Imagine if treatments for disease could be based not on a patient's diagnosis but instead on the characteristics of their tissue. By identifying and decoding the cryptic messages hidden deep inside the human proteome, scientists and physicians who study personalized medicine are seeking more effective treatments and disease management for patients.
Lance Liotta, MD, and Emanuel Petricoin, III, professors of life sciences and co-directors of George Mason University's Center for Applied Proteomics and Molecular Medicine (CAPMM), are pioneers in the field of patient-tailored research and personalized medicine. The two are studying biomarkers (or indicators of disease in tissue and bodily fluids) related to cancer, heart disease, liver disease and obesity.
They recently launched a unique clinical trial in partnership with oncologists and co-principal investigators Kirstin Edmiston, MD, medical director of cancer services at Inova Health System, and Alexander I. Spira, MD, director of Fairfax Northern Virginia Hematology Oncology Research Program, to treat patients with late-stage colorectal cancer, a fatal cancer that starts in either the colon or the rectum.
The three-year trial will accommodate up to 50 men and women who have late-stage colorectal cancer that has spread to the liver. Striking more than 150,000 men and women each year in the United States, colorectal cancer is the nation's third most commonly diagnosed cancer and third leading cause of cancer death according to the American Cancer Society.
"Traditionally, all colon cancers have been lumped together and given similar treatments. The novelty about this is that we can, in a very minimally invasive way, start to treat the metastatic tumor based on its unique protein makeup. If we're going to be successful in treating the metastatic disease, which is what kills people, then we need to focus on using therapies targeted towards the individuality of a patient's disease state. This clinical trial is the first step toward doing that," says Edmiston.

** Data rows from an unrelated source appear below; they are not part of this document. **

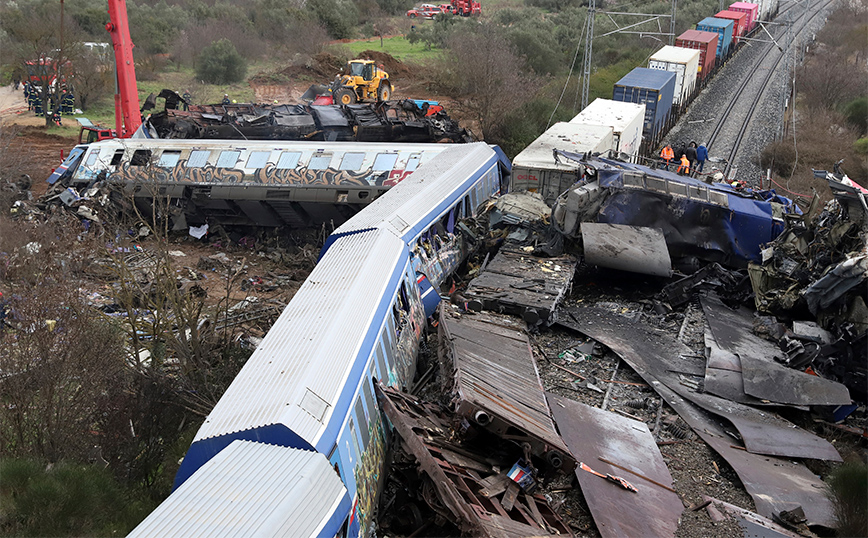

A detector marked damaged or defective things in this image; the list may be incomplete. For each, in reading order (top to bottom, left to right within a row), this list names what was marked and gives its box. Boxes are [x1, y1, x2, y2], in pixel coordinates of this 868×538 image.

burnt wreckage [141, 89, 474, 142]
crumpled train wreckage [141, 90, 474, 144]
charred metal sheet [376, 384, 572, 532]
rusty metal sheet [376, 384, 572, 532]
rusty metal sheet [444, 302, 572, 468]
charred metal sheet [440, 304, 576, 472]
charred metal sheet [462, 247, 576, 322]
rusty metal sheet [464, 247, 580, 322]
charred metal sheet [544, 390, 680, 536]
rusty metal sheet [544, 390, 680, 536]
charred metal sheet [584, 221, 672, 276]
rusty metal sheet [580, 222, 676, 276]
charred metal sheet [560, 306, 836, 460]
rusty metal sheet [560, 306, 836, 460]
rusty metal sheet [560, 304, 836, 524]
charred metal sheet [556, 306, 840, 524]
charred metal sheet [700, 494, 804, 536]
rusty metal sheet [700, 296, 848, 404]
charred metal sheet [700, 296, 848, 404] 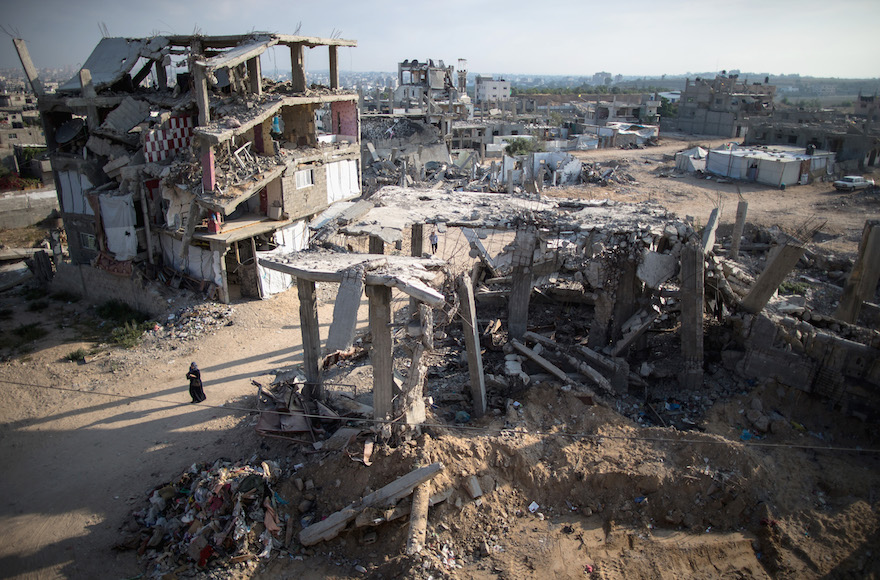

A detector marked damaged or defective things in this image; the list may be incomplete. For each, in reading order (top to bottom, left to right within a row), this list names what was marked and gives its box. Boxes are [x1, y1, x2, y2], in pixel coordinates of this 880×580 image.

damaged residential building [12, 32, 360, 306]
damaged residential building [672, 73, 772, 139] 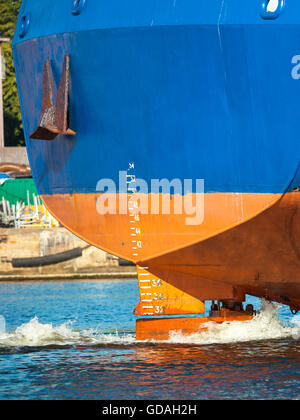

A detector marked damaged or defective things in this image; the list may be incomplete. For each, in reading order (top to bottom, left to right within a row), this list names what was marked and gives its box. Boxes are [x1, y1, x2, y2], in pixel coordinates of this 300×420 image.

rusty anchor [30, 54, 76, 141] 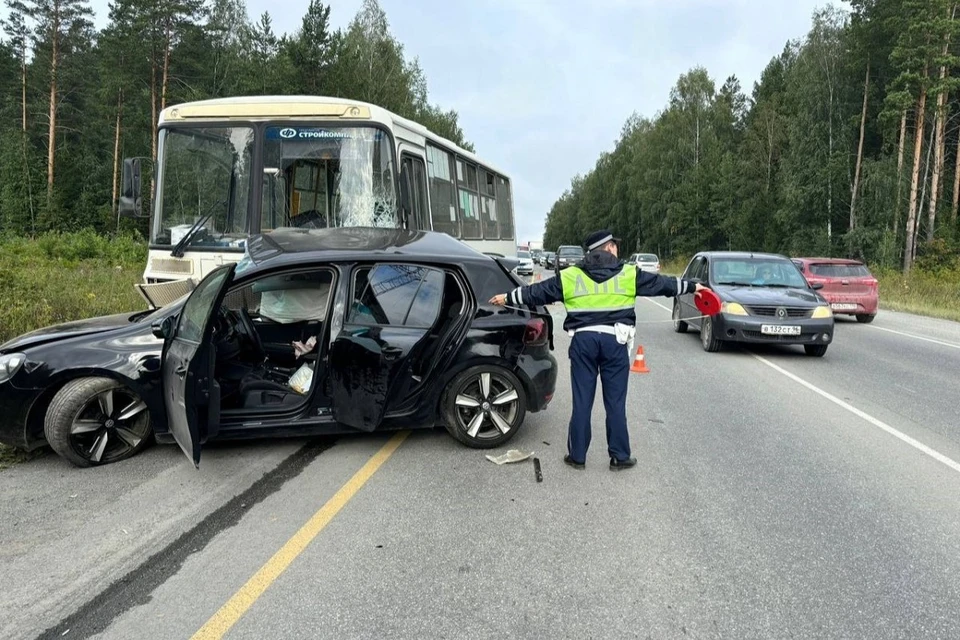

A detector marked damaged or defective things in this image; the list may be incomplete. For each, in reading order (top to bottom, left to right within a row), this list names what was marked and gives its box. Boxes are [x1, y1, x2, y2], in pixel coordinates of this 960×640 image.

cracked bus windshield [153, 124, 398, 249]
damaged black car [0, 228, 560, 468] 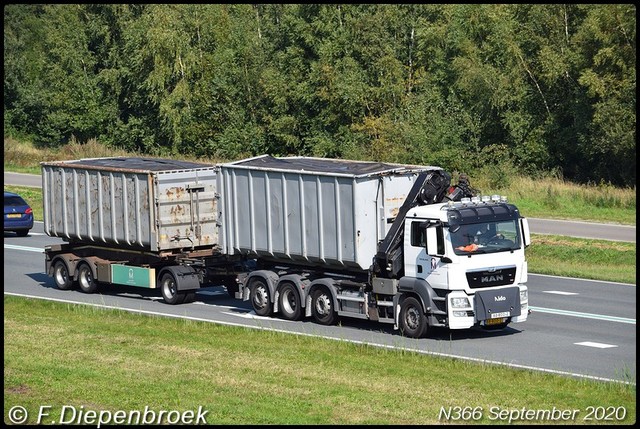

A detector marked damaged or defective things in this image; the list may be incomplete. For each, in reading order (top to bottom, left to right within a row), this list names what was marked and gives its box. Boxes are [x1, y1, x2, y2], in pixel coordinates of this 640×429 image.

rusty container [41, 156, 220, 251] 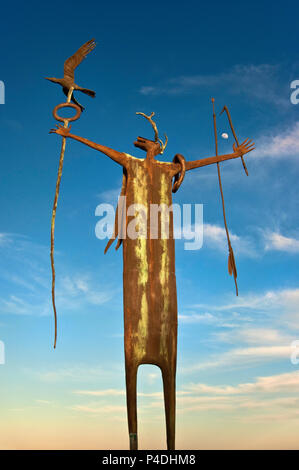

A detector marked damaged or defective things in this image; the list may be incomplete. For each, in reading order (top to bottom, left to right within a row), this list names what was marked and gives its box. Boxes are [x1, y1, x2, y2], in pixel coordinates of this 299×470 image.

rusted metal surface [50, 108, 254, 450] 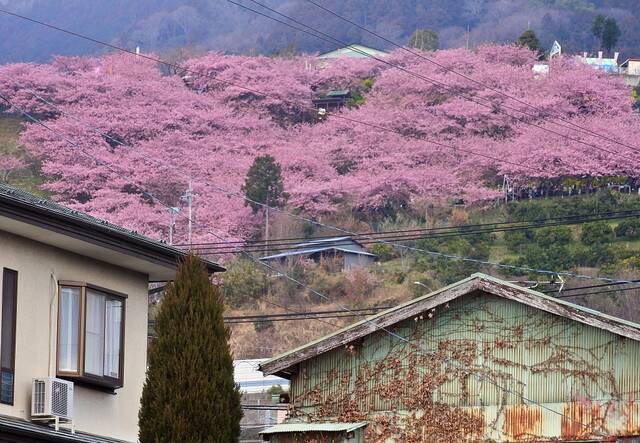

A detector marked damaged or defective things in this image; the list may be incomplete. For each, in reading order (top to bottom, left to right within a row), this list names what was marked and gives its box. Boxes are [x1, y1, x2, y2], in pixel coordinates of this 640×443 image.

rusty metal wall [288, 294, 640, 442]
rust stain on metal [502, 406, 544, 440] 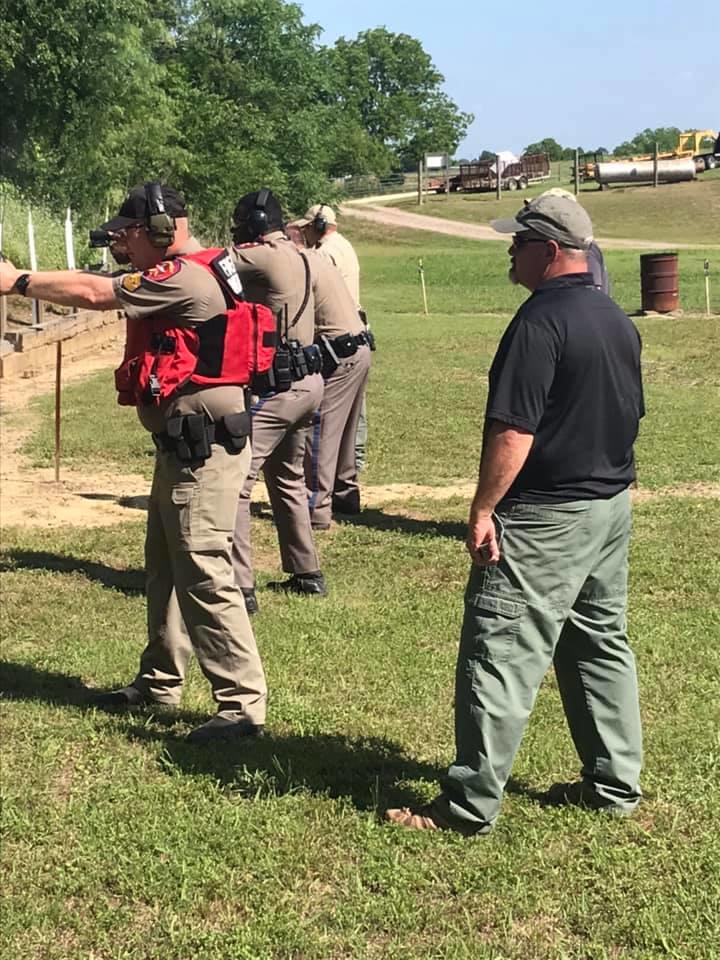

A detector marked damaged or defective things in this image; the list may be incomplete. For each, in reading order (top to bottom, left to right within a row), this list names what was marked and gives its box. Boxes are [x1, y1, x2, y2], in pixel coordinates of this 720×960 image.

rusty barrel [640, 253, 680, 314] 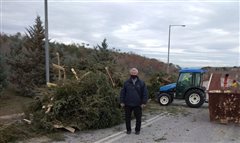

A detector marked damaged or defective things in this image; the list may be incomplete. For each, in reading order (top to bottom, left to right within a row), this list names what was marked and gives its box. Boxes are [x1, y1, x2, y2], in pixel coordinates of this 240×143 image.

rusty metal container [208, 73, 240, 123]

Trial participants will be treated with standard metastatic colon cancer therapy and will test the addition of Gleevec, a medicine that is typically prescribed for certain forms of leukemia and gastrointestinal tumors. Gleevec targets disease pathways in tumor cells that previous CAPMM research revealed were among those found in typically fatal liver metastasis in colorectal cancer patients.
Because the primary tumors in the colon are removed in most colorectal cancer patients as soon as they are diagnosed, this study will focus on treating the often fatal secondary tumors or metastatic lesions that appear when the disease spreads to the liver, causing death through destruction of that organ.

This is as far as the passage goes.